• **What to produce**
Every line from the top of the material through the line holding "Mary Cassatt _" should be copied exactly, and only those lines.

BEGIN

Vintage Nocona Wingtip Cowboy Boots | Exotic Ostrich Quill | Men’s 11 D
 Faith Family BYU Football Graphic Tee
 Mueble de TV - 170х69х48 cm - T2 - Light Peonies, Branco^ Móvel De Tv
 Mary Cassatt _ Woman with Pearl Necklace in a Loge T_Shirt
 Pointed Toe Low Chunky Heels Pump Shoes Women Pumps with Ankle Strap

END

• **Answer for this exercise**
Vintage Nocona Wingtip Cowboy Boots | Exotic Ostrich Quill | Men’s 11 D
 Faith Family BYU Football Graphic Tee
 Mueble de TV - 170х69х48 cm - T2 - Light Peonies, Branco^ Móvel De Tv
 Mary Cassatt _ Woman with Pearl Necklace in a Loge T_Shirt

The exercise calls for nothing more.